Most people have the option of participating in a retirement plan through their employer. The type of plan an employee may participate in is dependent on their type of employer – 401(k) plans are sponsored by private employers, 401(b) plans are sponsored by public schools, churches, and certain charities, and 457 plans are sponsored by certain state and local governments and non-governmental agencies. Other retirement plan options include Savings Incentive Match Plan for Employees (SIMPLE) Individual Retirement Accounts (IRA) and Simplified Employee Pension (SEP) IRA.
The Internal Revenue Code (IRC) places limits on how much money may be contributed to each type of retirement plan each year. For example, in 2023 an employee may contribute up to $22,500 to a 401(k) and an additional “catch-up” contribution of $7,500 if they are 50 years old or older. The IRS adjusts retirement plan contribution limits annually for inflation.

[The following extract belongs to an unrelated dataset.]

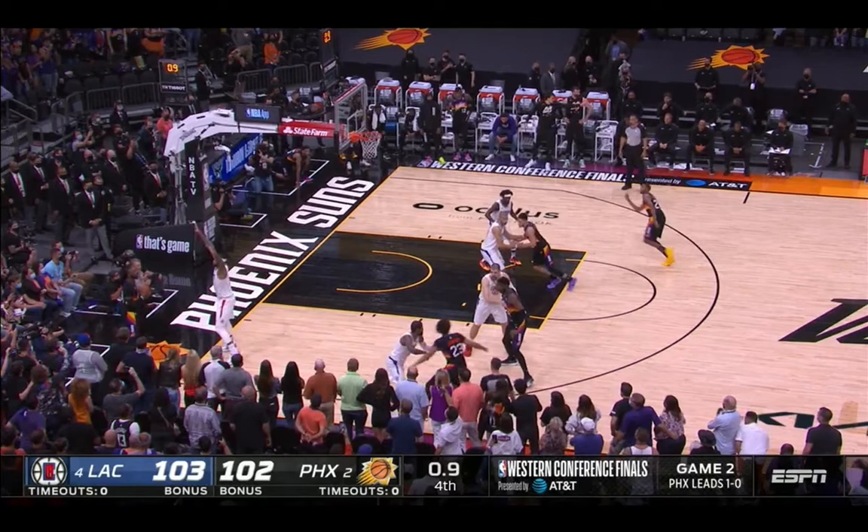Maybe the Suns will try and get Booker to post up closer to the hoop in game three if Beverley is constantly guarding him. Despite all of that, Booker still finished with 20 points, was seven for seven from the foul line in the fourth quarter, and made a clutch bucket when the Suns were down by one with 27 seconds to go.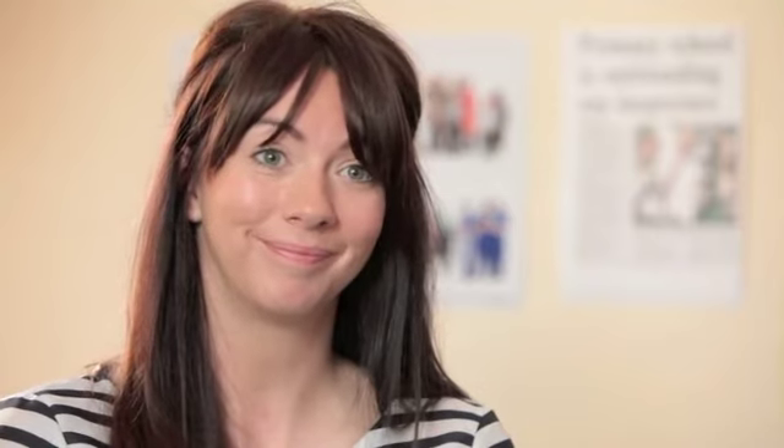The One Page Profiles are really invaluable in supporting a smooth transition from nursery to reception. It really helps us get to know each child, and we just feel so equipped for September — ready to hit the ground running and ensure that everybody is happy and secure in school.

Aside from retirement plans via one’s employer, people can establish retirement plans on an individual basis. The traditional IRA and Roth IRA are among the most common. There are two main differences between the two – First, contributions to traditional IRAs are made with pre-tax money and earnings grow tax-deferred, with taxes paid when the money is withdrawn in retirement. Conversely, Roth IRA contributions are made with after-tax money and earnings grow tax-free, with all withdrawals tax-free in retirement. Although anyone with earned income may make contributions to traditional IRAs, there are income phaseout limits that affect the ability to contribute to Roth IRAs. Once above the limit, you may no longer contribute to a Roth IRA. Additionally, only traditional IRA contributions can be deductible, up to certain income limits. Another major difference between the two is that traditional IRAs have Required Minimum Distributions (RMD), which is the minimum amount you must withdraw from your account each year, while Roth IRAs do not. All RMDs are included in your taxable income in the year received, except for any part that was taxed before (your basis, or what you put into the account).
These are only a few of the many types of retirement plans. There are other options available, either through an employer or on an individual basis. As mentioned, your financial professional will be able to recommend the most appropriate plan based on many factors, including your goals, employment situation, financial position, and preferred tax planning technique. It is best to begin saving for retirement as early as possible, however it is never too late. There are ways to speed up the process of saving, depending on your employment situation, which can also be discussed with your financial professional.